Selling might not be a good idea

Graham Jaehnig/Daily Mining Gazette The Houghton County Marina building recently received upgrades, making the bathrooms and showers ADA compliant, as well as a new roof.

Editor’s note: This is the latest in our series on the future of several properties owned by Houghton County.

HOUGHTON – The Houghton County Marina is one of five properties the County-Held Properties Committee is studying to determine value and whether it would be beneficial to sell.

While some county residents have suggested some of the properties should be soldto fund a new jail,

Committee member and Commissioner Trustee Glenn Anderson said he has no interest in selling any of the county-owned properties. In discussing the marina, Anderson said is not sure the county would even break even if it was sold.

Anderson said the Waterways Commission of the Dept. of Natural Resources (DNR) has funded substantial capital toward the marinas since the early 1960s. If the facility was sold, that money would have to be paid back.

“So if that property ever was sold,” he said, “we would have to pay off all the grants that were were funded by the DNR.”
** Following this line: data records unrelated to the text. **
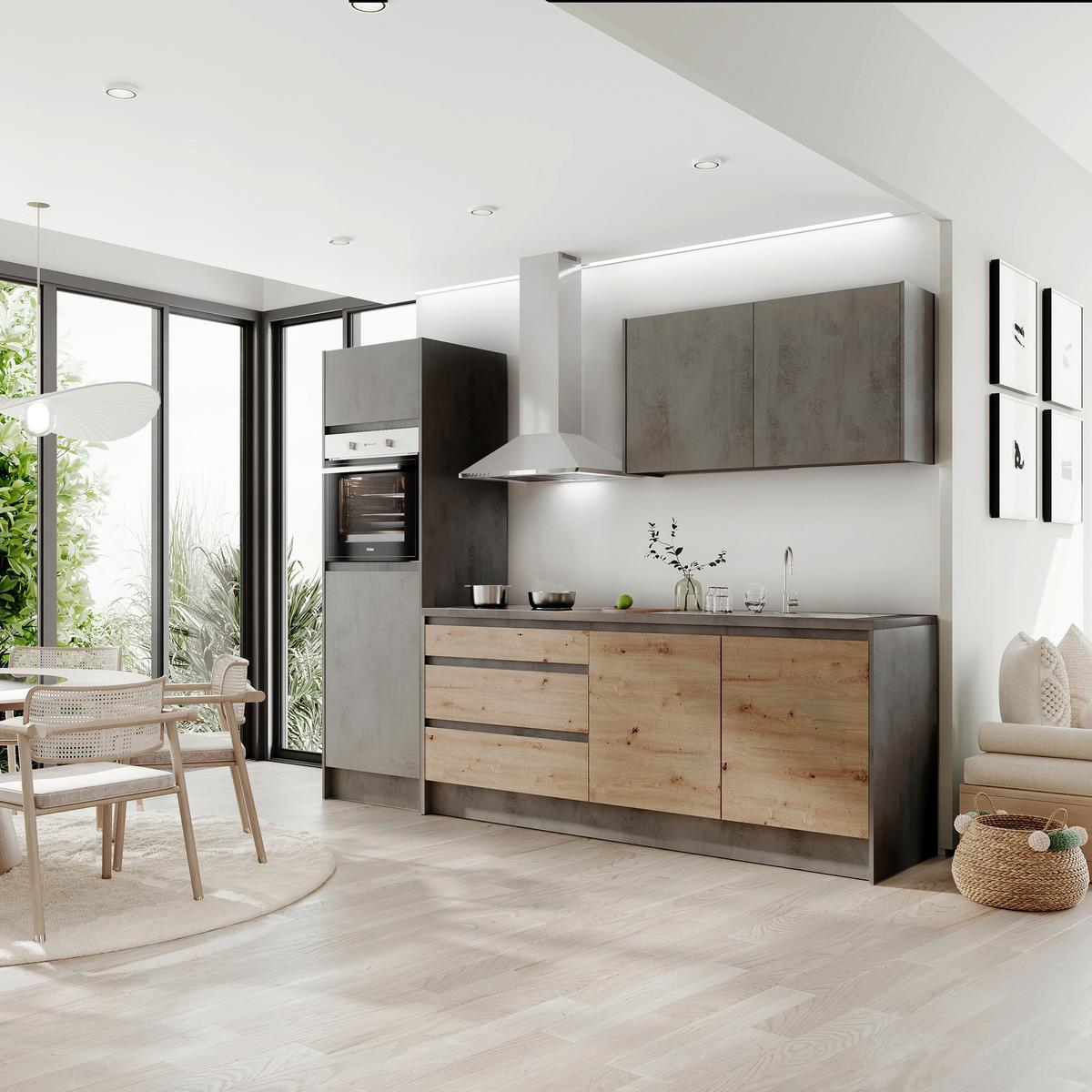 Küchenblock Troja Anthr./Eiche Dekor B: 273 cm - Anthrazit/Eiche Artisan, Design, Holzwerkstoff (273cm) - MID.YOU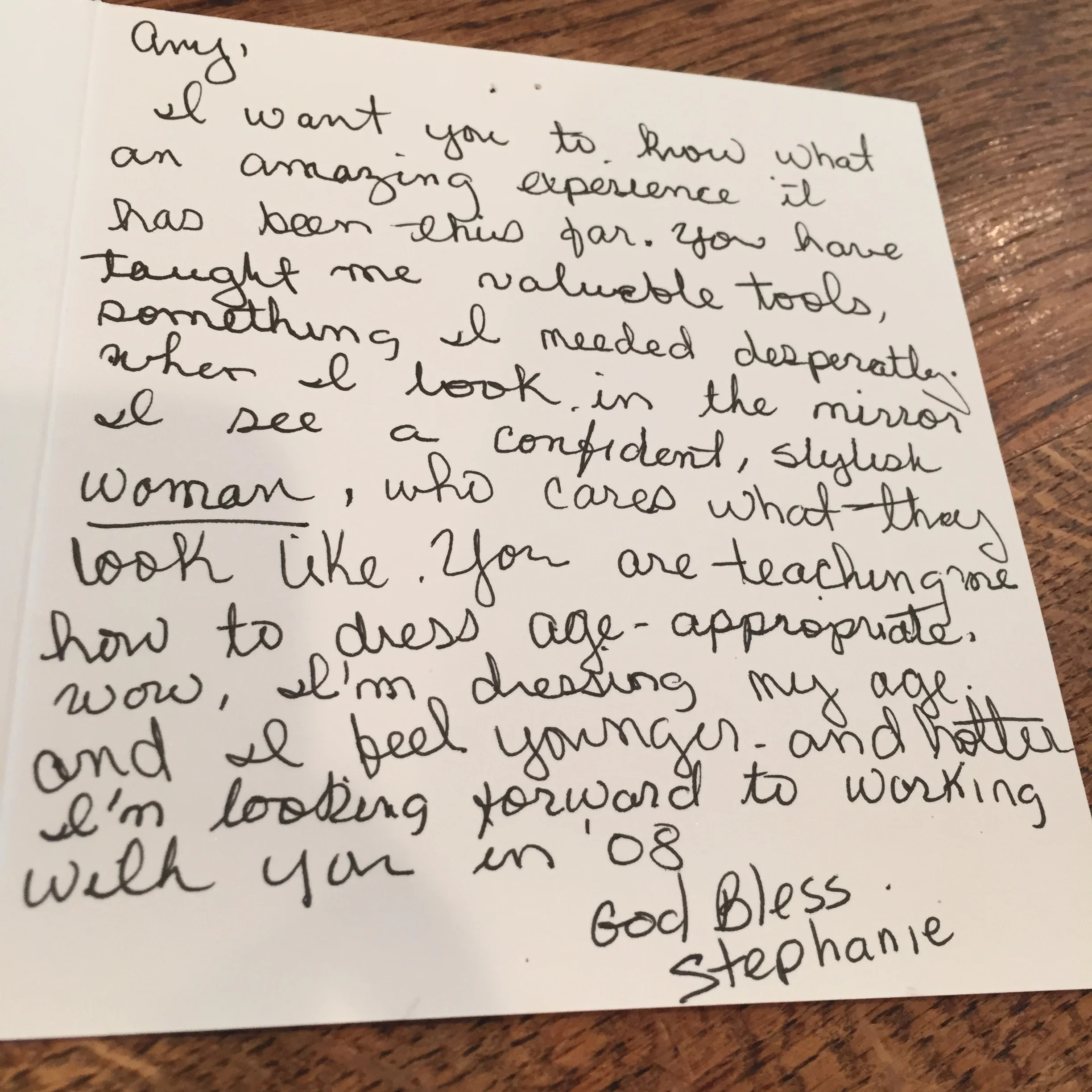 From one of my very first clients! ~ Stephanie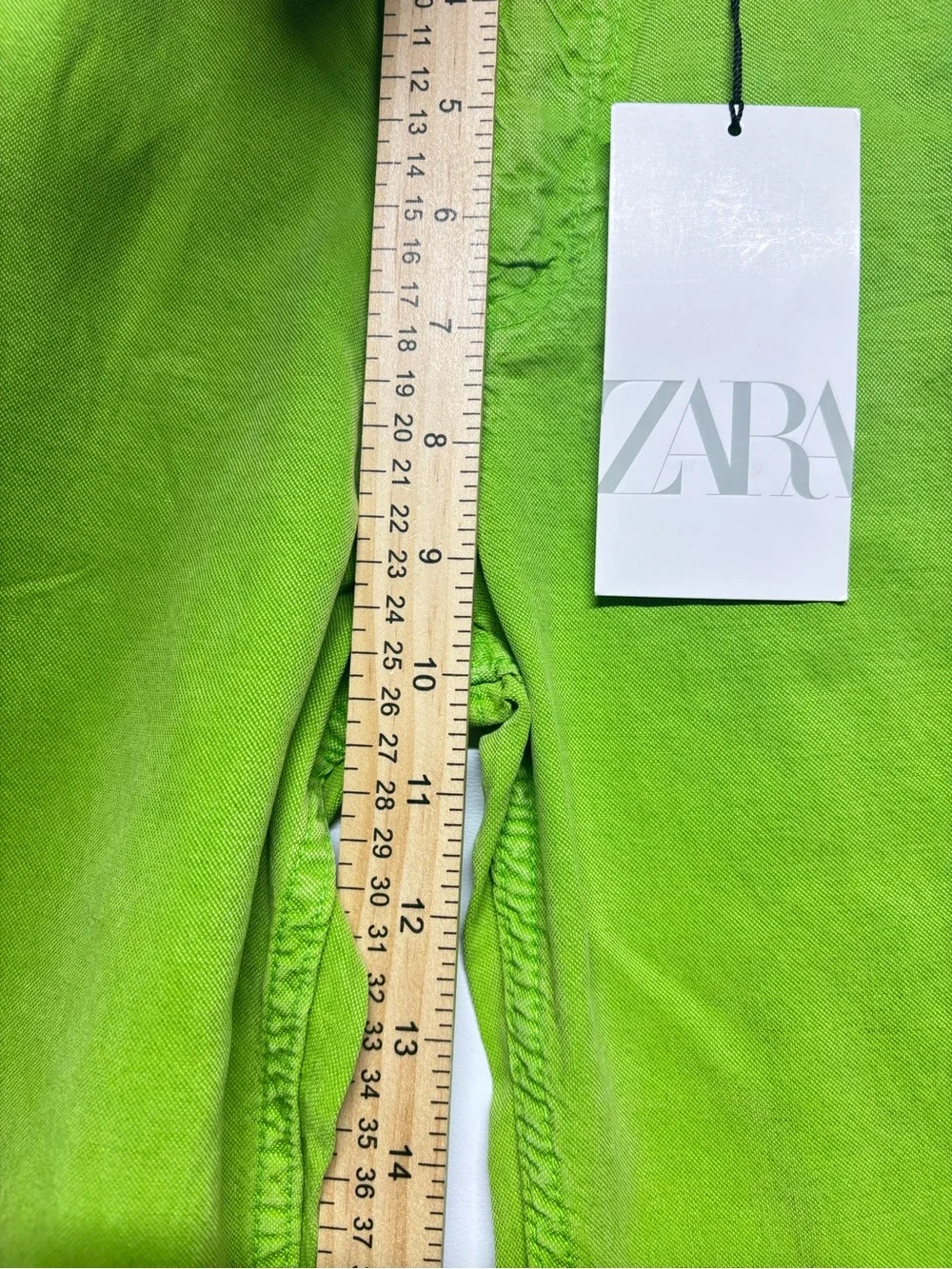 ✨Zara Women’s Mid-Rise Full Length Wide Leg Pants Lime Green Size 2
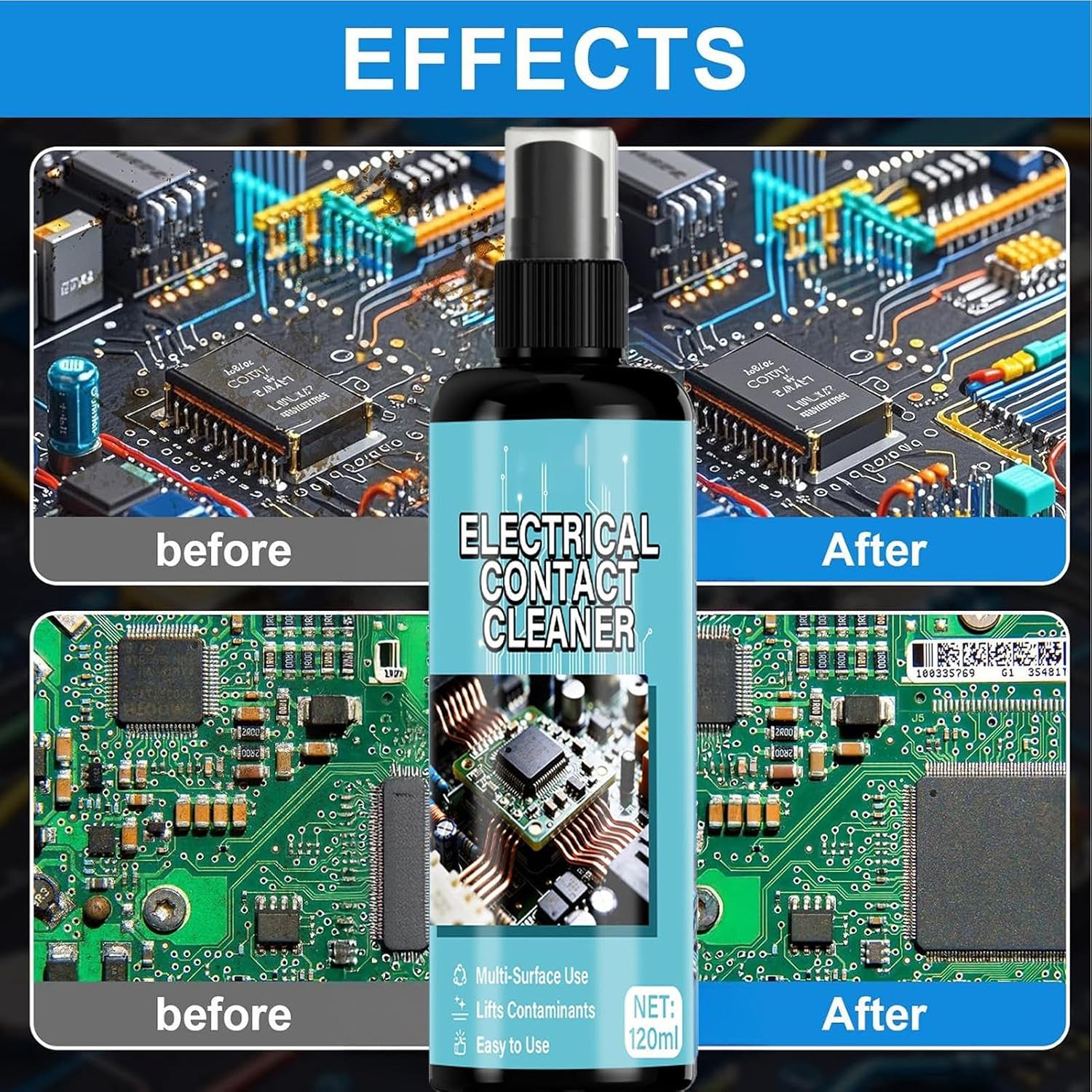 Electronic Contact Cleaner - 120ml Precision Instruments Care Liquid with Towel,Motherboard Cleaning Liquid,for PCB Motherboard Connectors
The grants go back so far, Anderson said, the DNR does not have a current list.

Recently, he said, the county received $468,500 in grants from the last two grant cycles.

Anderson said he estimates that the county would have to pay back between $2.5 to $3 million dollars should the county sell the marina.

Additionally, he said, anyone purchasing the facility would have to abide by the DNR’s rates from transient and summer rentals for the next 20 years.

Considering the circumstances, Anderson said, his guess is the value of the property is equal to or less than the commitment the county would have to pay. “So that one might cost us money to get rid of,” he said.

On the plus side, with the marina’s cashflow, the facility does not cost the taxpayers anything.

The county does occasionally invest capital in the facility. This year, all-season windows were installed in the area of the marina, said Anderson, “where people can hang out so that sail boaters that come in (from) the weather or boaters that come in bad weather have a place to get out of the weather.”

There are several factors to consider in determining whether the county would profit from selling the marina.

“So as we were just talking, as we talked before,” Anderson said, “if the property was sold, and we actually could get the money to pay off all of the state grants going the back to the 1960s, and if somebody were to buy that and would honor the 20-year commitment of rent, I guess that wouldn’t be necessarily bad for the county – if you could find an investor that would pay that kind of money.”